Welcome to the forum, Sunshine. Here is a link to Ms. Cay's web site (I'm assuming this is the singer to whom you're referring):
http://www.facebook.com/patcay

Hope this is helpful.


----------



## Sunshine (May 30, 2012)

thank you so much! I checked some things out on youtube and she is wonderful.. I also read she is taken by a baritone named Guido Lebron... oh well so much for my brother!



MAuer said:


> Welcome to the forum, Sunshine. Here is a link to Ms. Cay's web site (I'm assuming this is the singer to whom you're referring):
> http://www.facebook.com/patcay
> 
> Hope this is helpful.


----------



## MAuer (Feb 6, 2011)

Mr. LeBron sings one of the leading roles in this CD recording of Don Davis' _Rio de Sangre_. I think he may be in the cover photo.


----------



## Mezzocay (Oct 15, 2012)

Thank you so much for your comments Sunshine!! I am flattered!!
No, I am no taken by Mr. Lebron. He is just a colleague. Although, he has a girlfriend that is a doctor in Puerto Rico!! Funny!!
Thanks!!!


----------



## Cavaradossi (Aug 2, 2012)

Welcome Mezzocay, and thanks for stopping by! What a great way to reach out to your fans and make some new ones (and perhaps meet a future husband ). Your publicist (and your mother) would be proud.

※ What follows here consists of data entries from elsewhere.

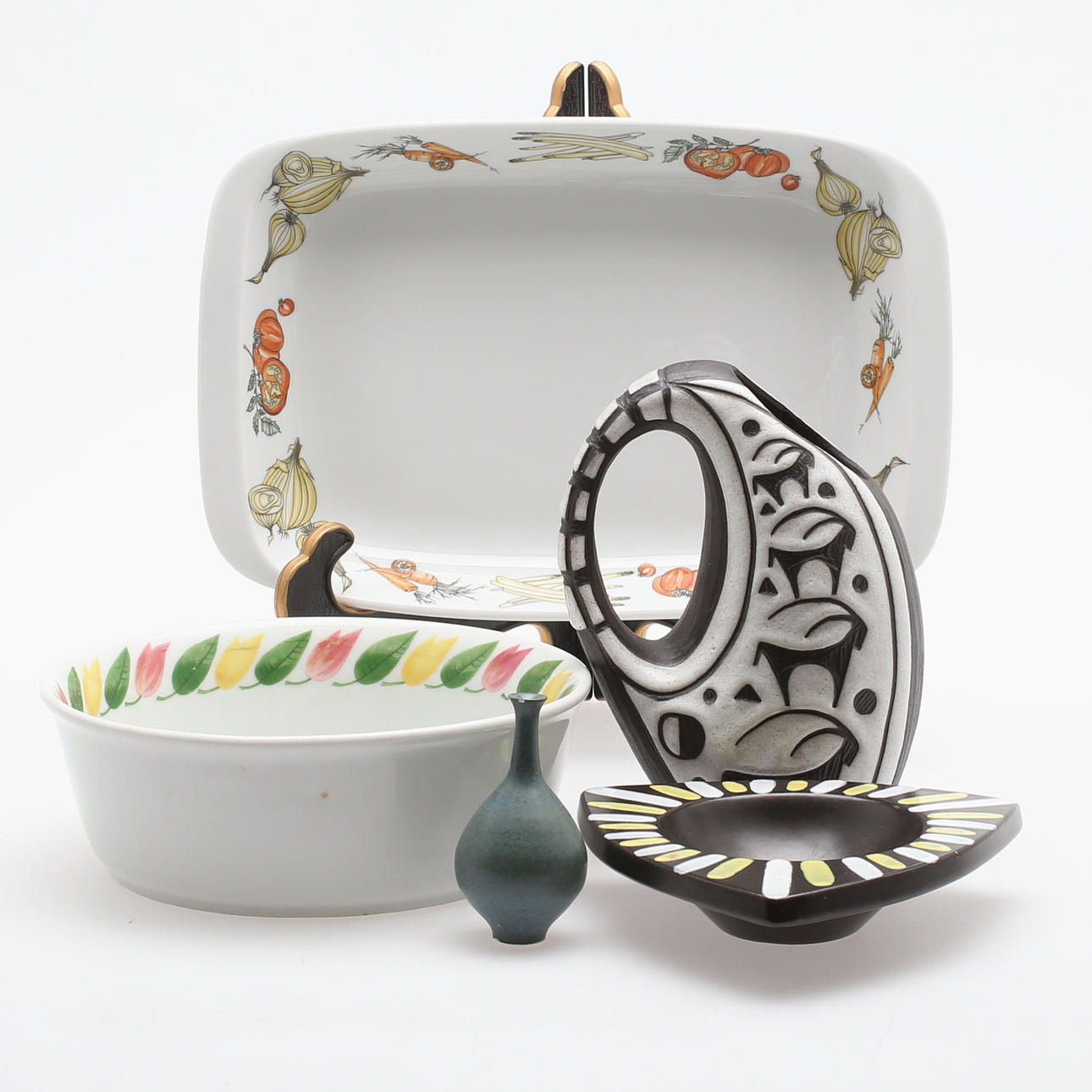 DIVERSE KERAMIK, 5 delar, 1900-talets andra hälft.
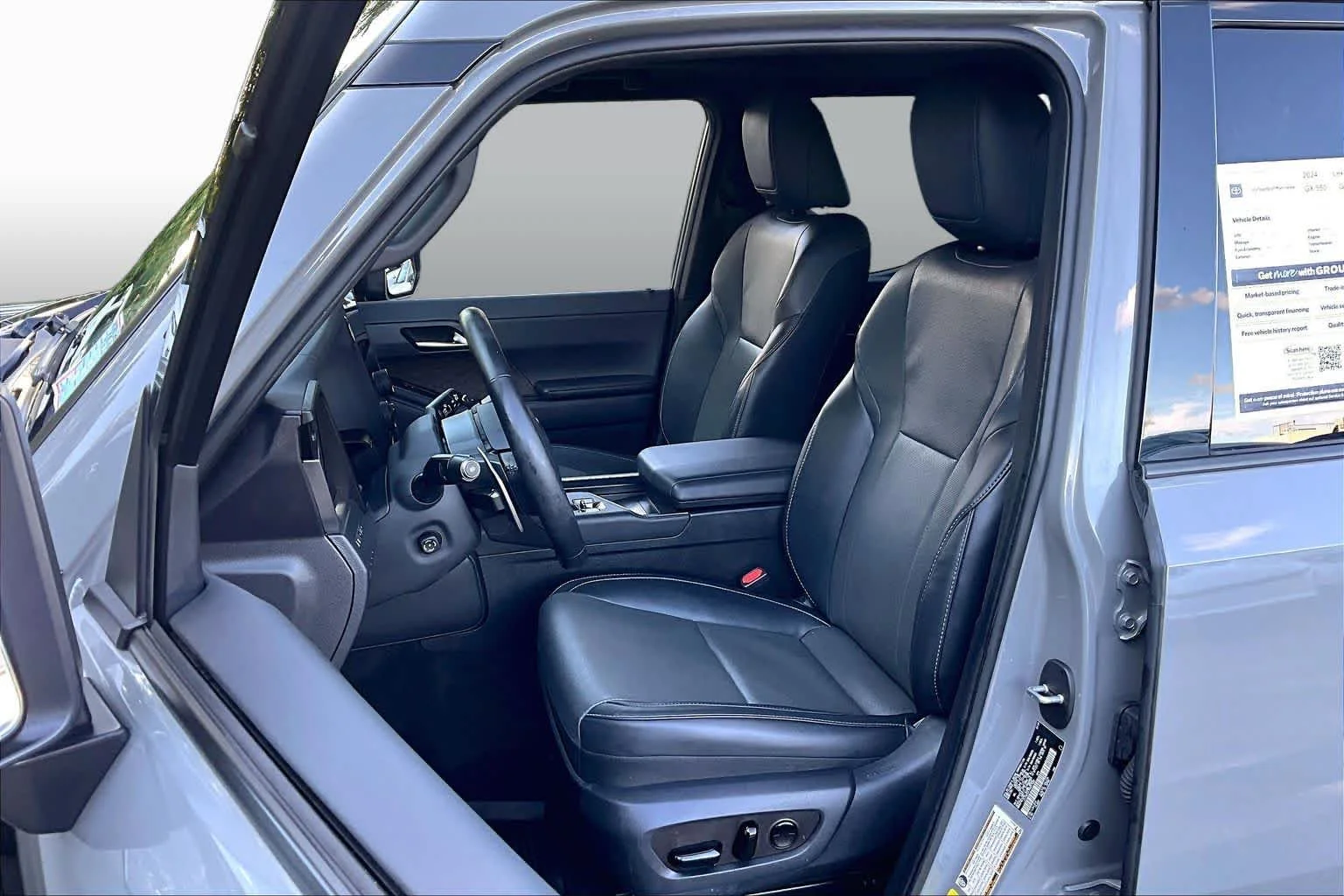Used 2024 Incognito Lexus Premium+ image 9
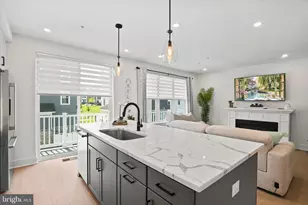 14928 Swat St, Rockville, MD 20850 - Photo 11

Best wishes for continued success!


----------



## Sunshine (May 30, 2012)

MAuer said:


> Mr. LeBron sings one of the leading roles in this CD recording of Don Davis' _Rio de Sangre_. I think he may be in the cover photo.
> [ATTACH=


----------



## Sunshine (May 30, 2012)

Sorry Ms. Cay! I had read on youtube that you were with him. Anyways you are fantastic.


----------